Aim of the task
Return every line of the data below exactly, but do not include the images.

Information supplied

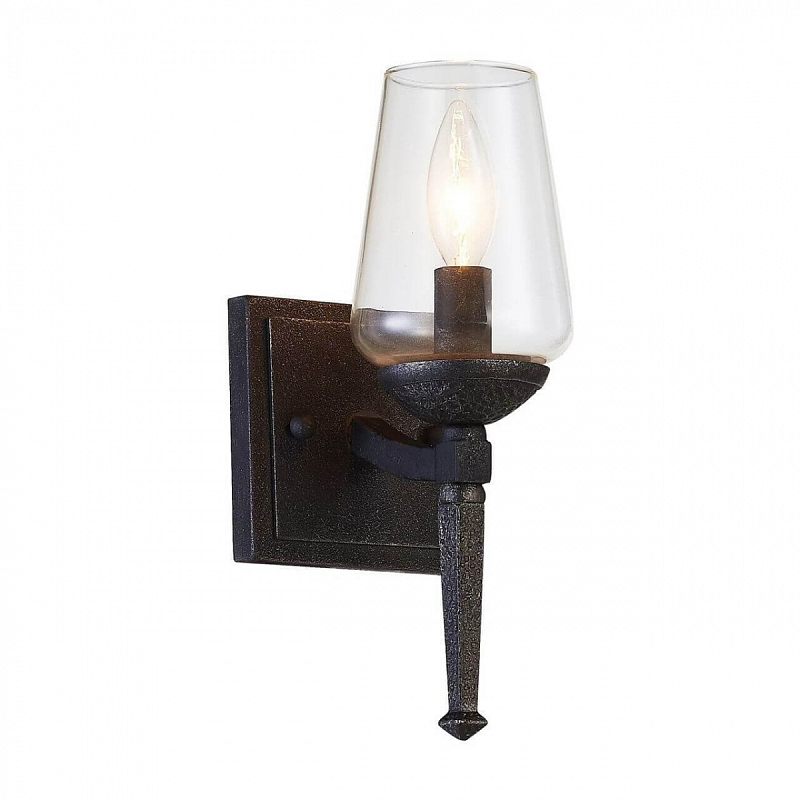 Бра Badoer Loft Sconces Черный Прозрачный Бра Badoer Loft Sconces Черный Прозрачный в Липецке | Loft Concept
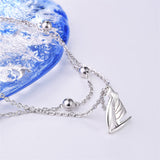 Womens Anklet 925 Sterling Silver  Layered Anklet Bracelet Dainty Beaded Chain Anklet Adjustable 11" Anklet for Women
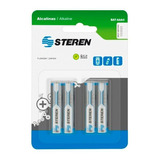 Batería Alcalina Tipo Aaa 1.5v Pack 4 Piezas Steren Bat-aaa4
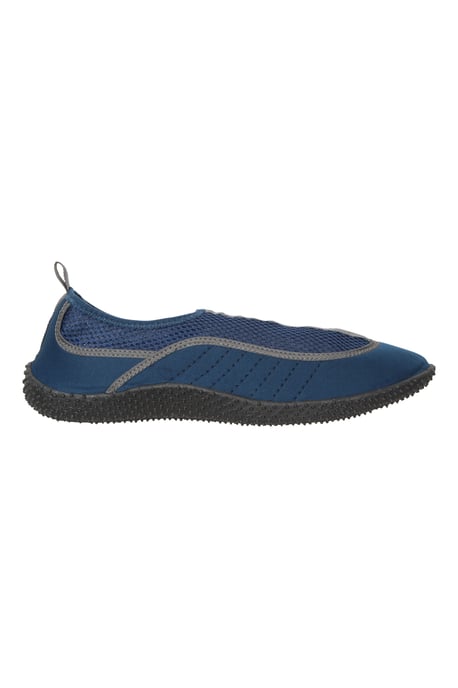 'Bermuda' Men's Aqua Shoe with Mesh Panel Slip On Summer Beach Sandals Navy - Image 3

Result for this exercise
 Бра Badoer Loft Sconces Черный Прозрачный Бра Badoer Loft Sconces Черный Прозрачный в Липецке | Loft Concept
 Womens Anklet 925 Sterling Silver  Layered Anklet Bracelet Dainty Beaded Chain Anklet Adjustable 11" Anklet for Women
 Batería Alcalina Tipo Aaa 1.5v Pack 4 Piezas Steren Bat-aaa4
 'Bermuda' Men's Aqua Shoe with Mesh Panel Slip On Summer Beach Sandals Navy - Image 3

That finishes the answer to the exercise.